An extended meeting of the CPM’s Central Committee in August is expected to call him to account for overstepping the party’s political line.
Dhirendra K. Jha Dhirendra K. Jha | 04 Jun, 2010
An extended meeting of the CPM’s Central Committee in August is expected to call him to account for overstepping the party’s political line.
With his puritanical bearings, measured gestures and hardline Marxist utterances, Prakash Karat, general secretary of the Communist Party of India (Marxist) for the past five years, has turned himself into one of the country’s most no-nonsense political faces. His fans treat him as a hero, a voice of the voiceless, a brave man leading the charge against pro-US, liberal policies of Prime Minister Manmohan Singh and his sepoys. But to many in the CPM, including some Politburo members and several Central Committee (CC) members, he has overstepped the political line set by the CPM’s top decision-making body—the Party Congress—and thereby pushed the party into an unprecedented crisis.
Overstepping the political line is an allegation that no general secretary of the CPM has faced ever since the party came into existence in 1964. The ‘extended CC’ that the party will convene in August this year, therefore, is expected not just to formulate its political line ahead of the crucial Assembly elections in West Bengal and Kerala, but also hold Karat to account for going beyond the limits of the line laid down by the Coimbatore Party Congress in April 2008. “Never in the past has the party so blatantly overstepped the political line,” says a senior CPM leader, “and therefore there has never been any need for an extended CC between two Party Congresses. It’s for the first time that the party finds itself in such an awkward situation.”
LINE LIMITATIONS
In a communist party, there cannot be a graver charge against a leader than violation of the Party Congress’ political line. None of Karat’s predecessors—P Sundarayya (general secretary from 1964 to 1978), EMS Namboodiripad (1978 to 1988) or Harkishan Singh Surjeet (1992 to 2005)—ever faced such a serious charge. And there is no precedence either of the party invoking the ‘extended CC’ clause of its constitution to assess such a failing and make corrective suggestions on the all-important matter of the party’s political stance.

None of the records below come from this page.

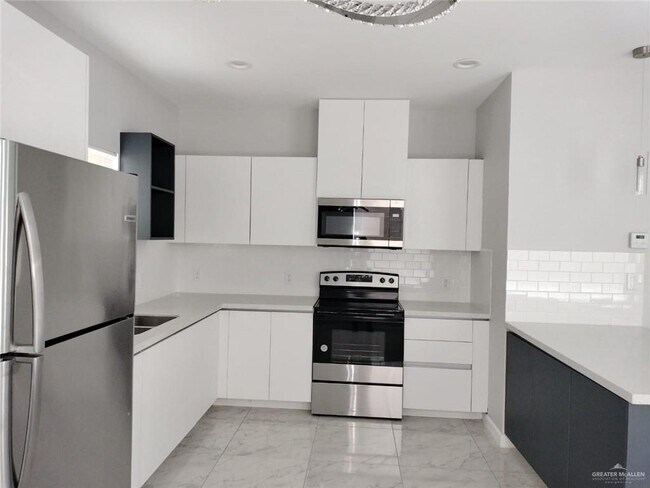 Foto del edificio - 3804 N Robin Ave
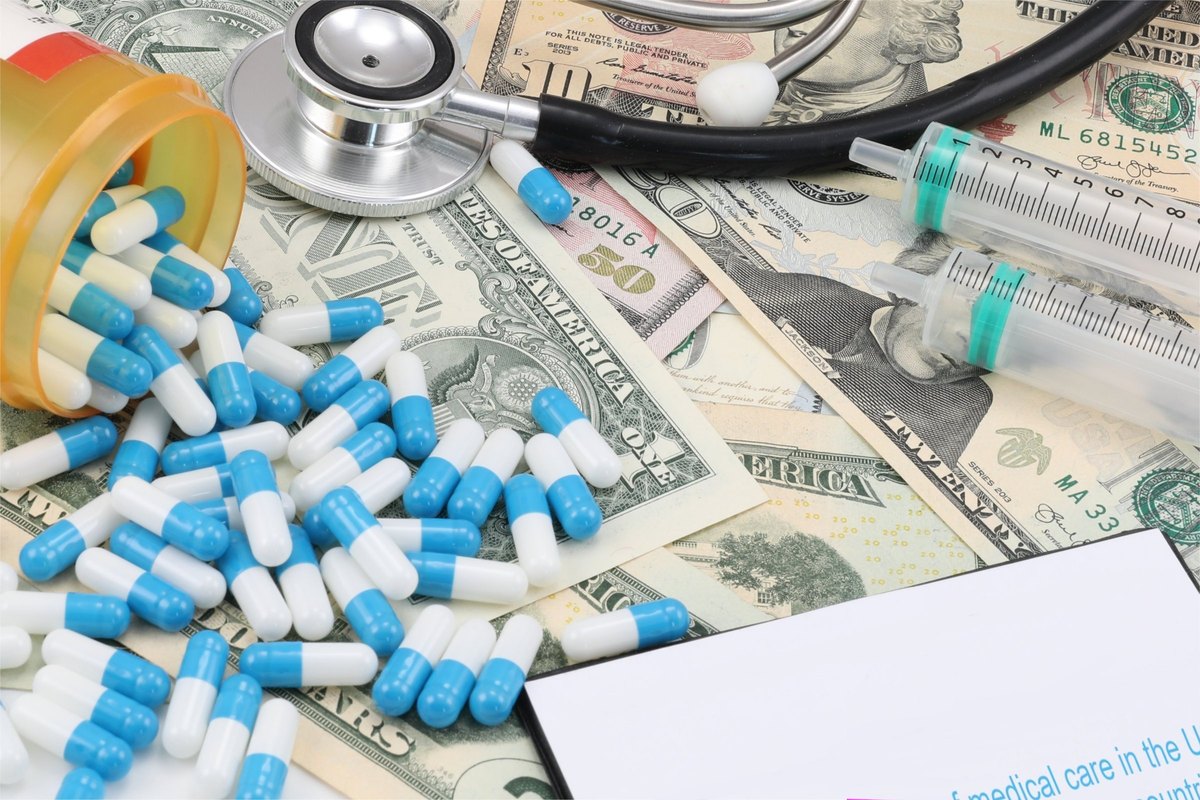 Capsules, syringes and dollar bills - blank template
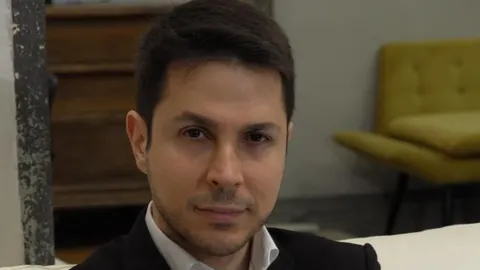 Ribal Al Asad: «Los que creemos en la democracia no interesamos en Ginebra»
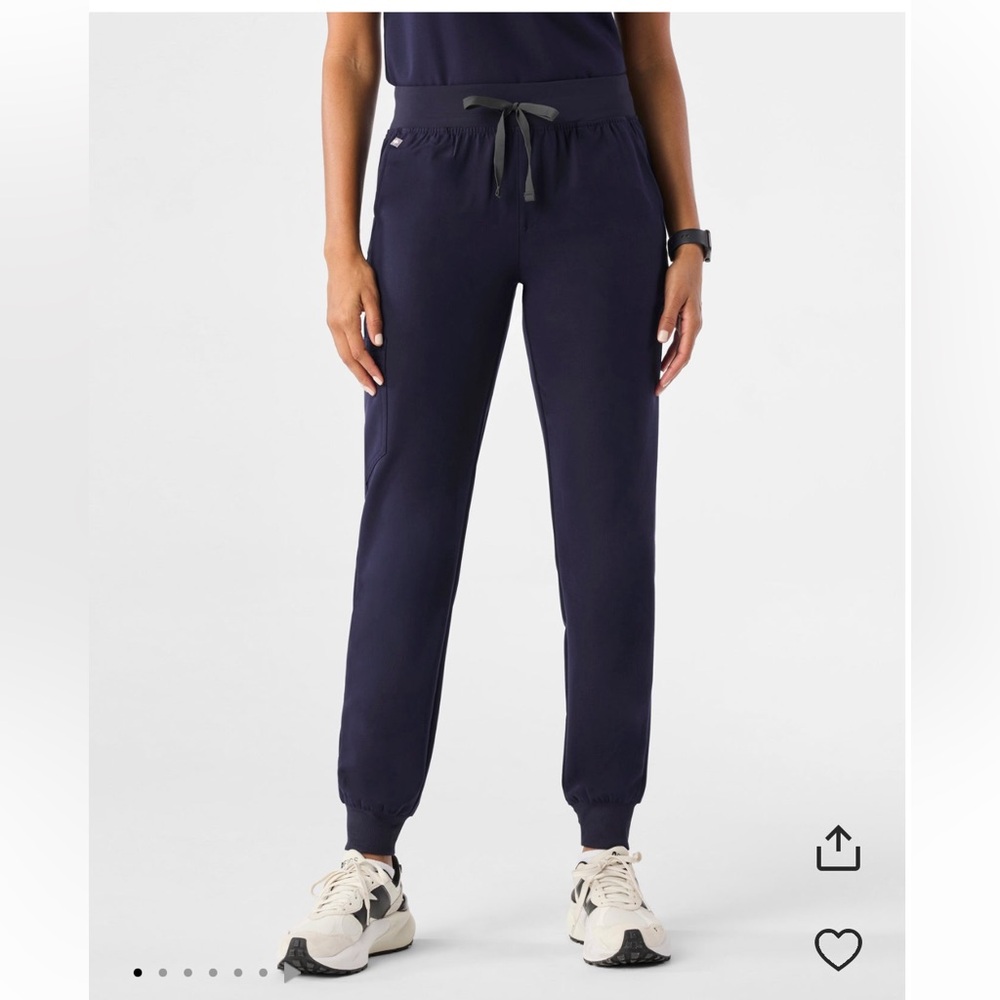 Women's Figs Jogger Scrubs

Anyhow, an extended CC is currently scheduled as a four-day affair starting on 7 August at Vijayawada in Andhra Pradesh. “The decision to convene it was taken once it became clear that the political line laid down by the Coimbatore Party Congress has been overstepped,” says the senior CPM leader, “As the next Party Congress, which is the sole body that can decide on the political line, would be delayed because of Assembly elections in West Bengal and Kerala, and there has been an urgent need for political course correction, it was decided to convene an extended CC that would take stock of the problem.”
To counter the charges, Karat loyalists plead party-wide complicity, arguing that every decision since the Coimbatore Party Congress was taken after due discussion within the Central Committee. They assert that those levelling charges against Karat constitute a “microscopic minority” of the party, people who want to redefine the approach towards the Indian National Congress.
Even if the entire Central Committee elected by the Coimbatore Party Congress comes under attack during the extended CC debate over the leadership’s alleged transgressions, Karat faces the likelihood of individual humiliation for the simple reason that it was he who steered the party away from the political line laid down by the Party Congress. “Any statement against the Central Committee would be construed as a statement against the party general secretary because of his pivotal position in the CC’s decision making process,” says the senior CPM leader.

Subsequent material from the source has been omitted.